Important Notes for this Script:

Cost: The Gemini API is not free for high usage. You will be charged per character for the input (the image data is calculated based on its size) and output. Check the pricing page.
Safety: Always test with a copy of your photos, not your originals!
Rate Limiting: The free tier has quotas.

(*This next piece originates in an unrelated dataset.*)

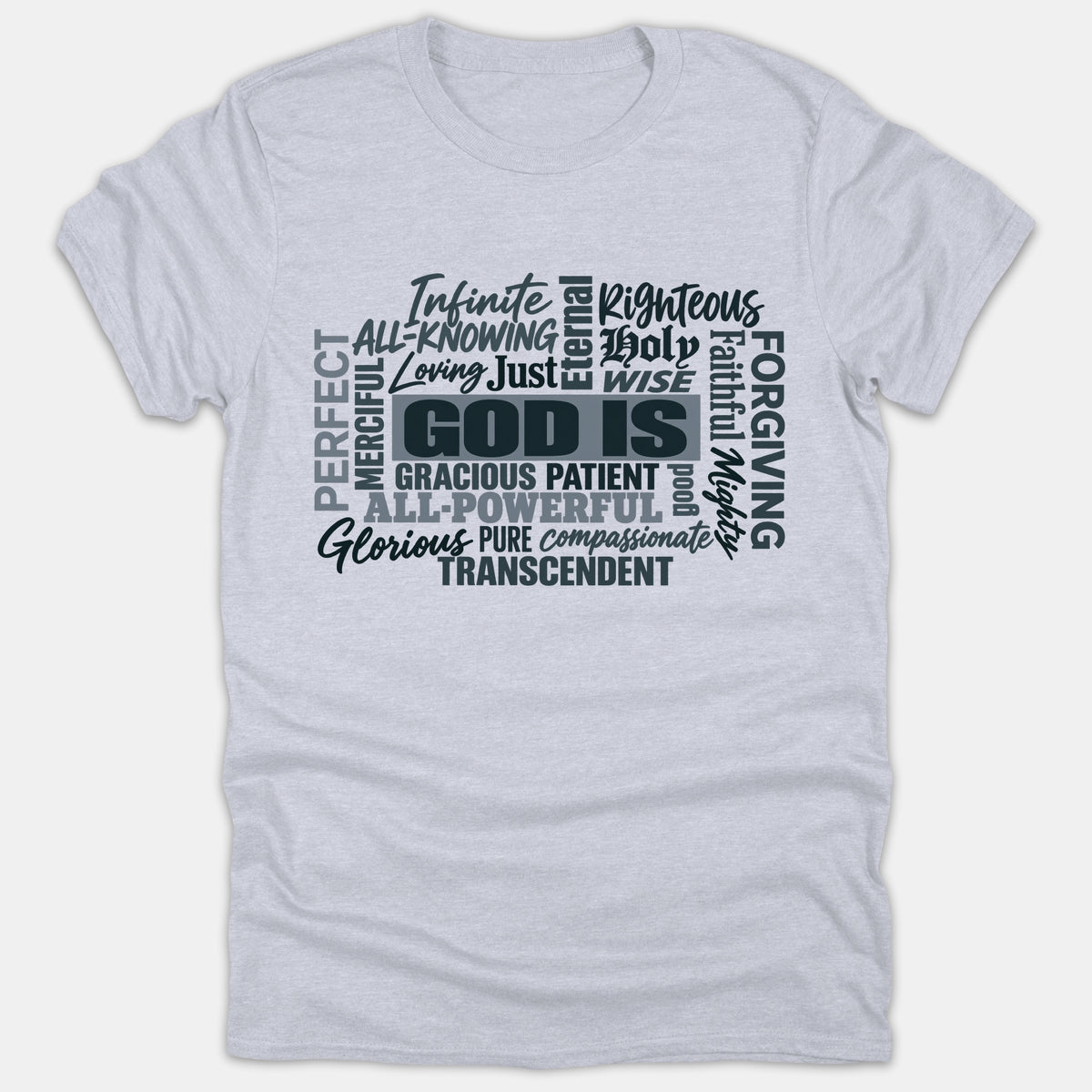 A gray Christian t-shirt featuring a word cloud design centered on 'GOD IS' surrounded by various divine attributes in dark typography.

For large libraries, you will need to add delays (time.sleep()) between requests.
Prompt Engineering: The prompt ("Analyze this image and suggest a single, simple category name...") is crucial. You can change it to anything:
- "Is this a photo of a dog or a cat? Answer only 'dog' or 'cat' or 'other'."
- "Extract the text from this document." (for OCR)
- "Describe the mood of this photo in one word (e.g., happy, serene, chaotic)."

Example 2: Generate Descriptions for Images (Metadata)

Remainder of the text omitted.